Entre 20 et 30 assaillants armés ont ouvert le feu, avec des fusils de calibre 5,56 mm, sur le poste de police n° 4, avant d’incendier le bâtiment ainsi que plusieurs véhicules à l’aide de cocktails Molotov. Deux policiers, Atilio Martínez Barrios et Herminio Ojeda González, ainsi qu’un employé civil, Josemar Escobar Piris, ont été tués. Un troisième policier a été blessé.
Le ministre de l’Intérieur, Enrique Riera, a indiqué que des éléments balistiques reliaient l’une des armes utilisées lors de cet assaut à une attaque menée contre le commissariat d’Ybyrarobaná le 3 mai 2025. Une seconde arme avait été utilisée en 2020 par un autre groupe criminel lors d’un affrontement avec la police à Laurel. Riera a précisé que les assaillants s’étaient retirés à pied, en formation militaire, et que l’EPP s’était alliée à des trafiquants de drogue.
Cette conclusion révise l’évaluation initiale de la police, qui privilégiait un mobile lié au crime organisé et estimait ne pas disposer de preuves suffisantes pour impliquer l’EPP. L’enquête reste ouverte.
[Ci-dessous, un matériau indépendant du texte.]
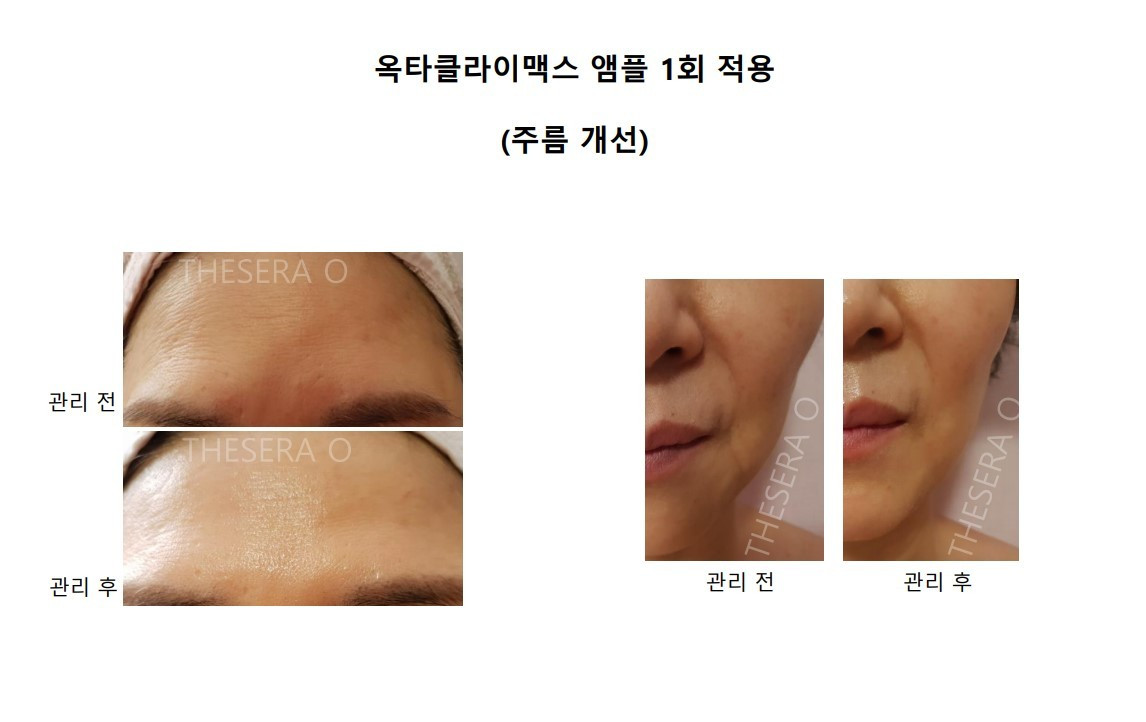 영앤뷰티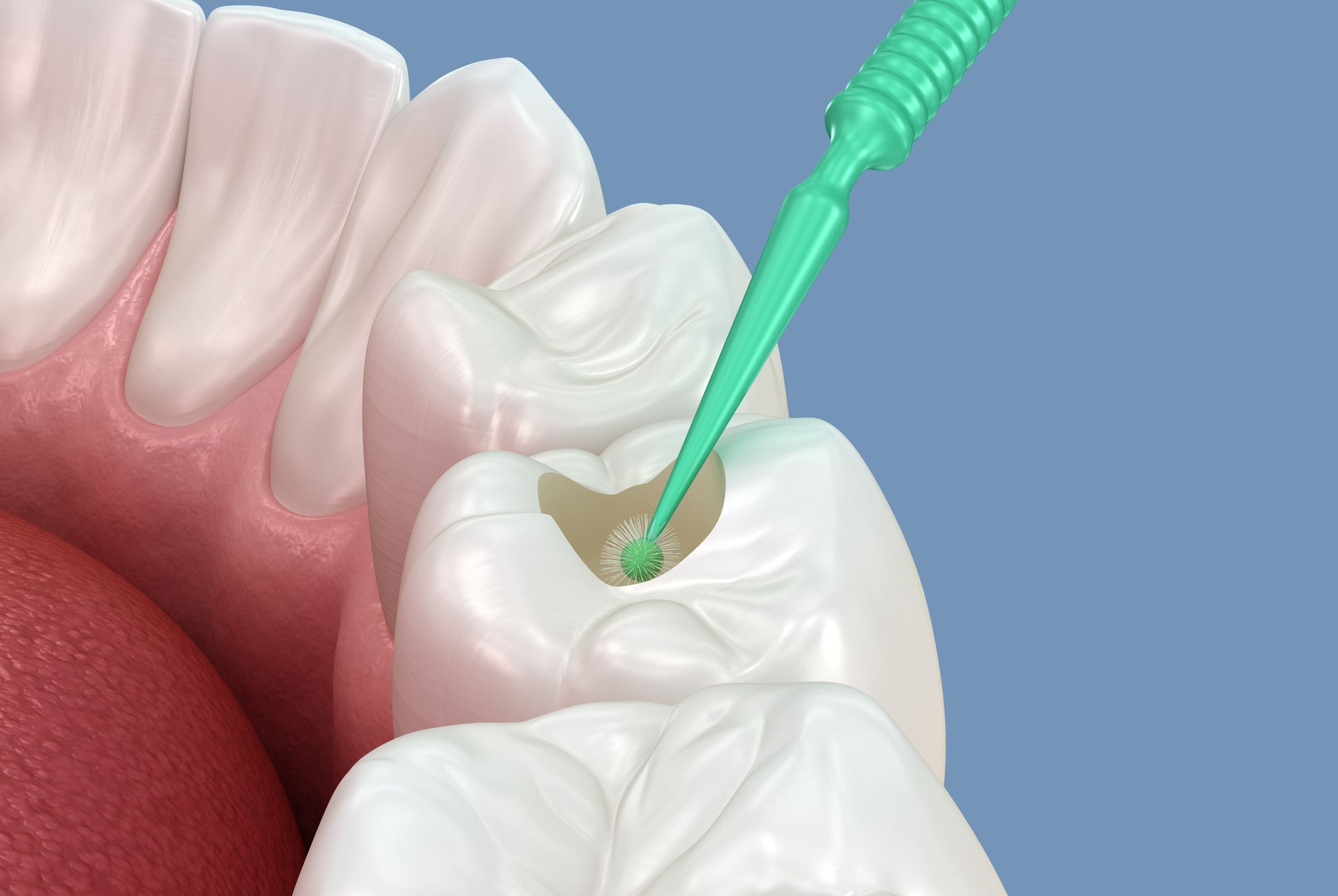 Fillings for Stronger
L’EPP est apparue en 2008, issue d’un réseau armé lié au mouvement de gauche Patria Libre. Elle se présente comme une organisation révolutionnaire marxiste, mais les autorités paraguayennes la classent comme un groupe criminel, en raison des enlèvements, des extorsions et des attaques armées qu’elle mène.
Les autorités décrivent l’EPP comme affaiblie, et Riera a indiqué que sa zone d’activité se déplaçait vers Canindeyú, le long de la frontière sèche avec le Brésil. Si l’hypothèse d’une opération conjointe se confirme, cette attaque montrerait que les militants restants étendent leur influence à travers des réseaux criminels.